There are rows of new laciniata starts to begin maturing into those dark dinosaur textures. I will transplant some out into the borders hoping to coax their mature perennial forms, which can become quite sculptural when they perennialise over several years.

This view of the raised beds shows an Arcosanti bell which my parents gave me when they left the big retirement house in Monument, Colorado.

The sculptural forms I have been playing with the evening several ago when I began writing this were clappers for the DRAGON bell. I have been playing with variously colored stone beads, as well as the more habitual pearls, to set into the claw of that clapper...

For the days since I have been concentrating on assembling the earring castings I got several weeks ago. James has recently brought the finishing back "in house" after several years working with a skillful metalsmith who's studio is in Olympia now needing to care for his arthritis... I've been working with new employee teaching techniques & preferences for finishing the bells.

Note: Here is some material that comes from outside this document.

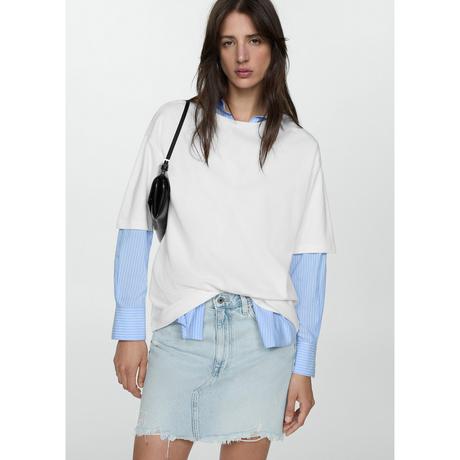 MANGO Elena Minigonna in Denim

I prefer to assemble the earrings myself, since they are rather tetchy & I am always playing with adding some color using beads for some clappers & experimenting with other details. This is mostly a taste thing as I must also try to dance with my market. Earrings must be expensive, for the obvious, or often not so obvious, fact that they require two bells. They want be more delicately tended & then must match each other in details such as how the clappers hang visually... as the pendant bells do not. Thus they have not made a large part of my sales... but.... I have ordered more than usual to see if I can do better with more choices. We will see...

I've had my digital eyes busy in the light box, making shots of the earrings for the Open Studio brochure & eventually to post on the web site. That involves using sticky wax to mount them onto frosted Plexiglas in perfect static positions so that they "float" in well lit white vacant space. I discovered, after making numerous shots of one pair, bringing everything into that perfect lighting & exposure, that I'd missed the fact... glaring at me when I saw them on my computer screen... one of the clappers had gotten caught-up at an awkward position. So many little things can go so terribly wrong! It makes one wonder if it all is worth it! But, of course, it ultimately is.

I now have many more of those photographs to make

One of these will be my image on the December Open Studio brochure.

The HOLLY & IVY bell is rather perfect a an earring. Its small sweet voice can come from garnets &/or pearls... holly berry red & ivy white.

I have been rediscovering the joy I take when I get into the mood to do this labor of polishing & assembly. It is dirty work. Frustrating to get all the parts fitting nicely into a song of liquid movement small enough to hang from ear lobes. I've had time to reflect on a lifetime doing such work... working as well to avoid it! I come again to realize I must do some of it myself no matter what.

There is simply no substitute for my own perfect methods & care!

While the grit & grime does not fit with my latter day prissiness, nor does the length of time required to approach this kind of work before actually getting into it's groove fit easily with my partner's schedule of social presentability measured only in hours. When I do finally get into that zone I want to stick with it for several days, at least, no matter who we invited to dinner how many months ago.

While he is away traveling in Italy for these weeks I have been wallowing in rare lack of schedule & luxurious solitude. I've got fingernails blackened with all sorts of productive fun.

Between rainstorms I have been enjoying trying to capture something of the many incredible spider webs which decorate everything in the garden & most windows of the house. To grab focus on an an ephemeral object which is actually a sail to any breeze presents a challenge requiring lots of luck in the moment.

This one used the outdoor light as part of its hunting ploy.

I have almost completed the steps between Stephen's writing cottage & the house...

I close with this bit of autumnal fire beginning to smoulder in the smoke bush.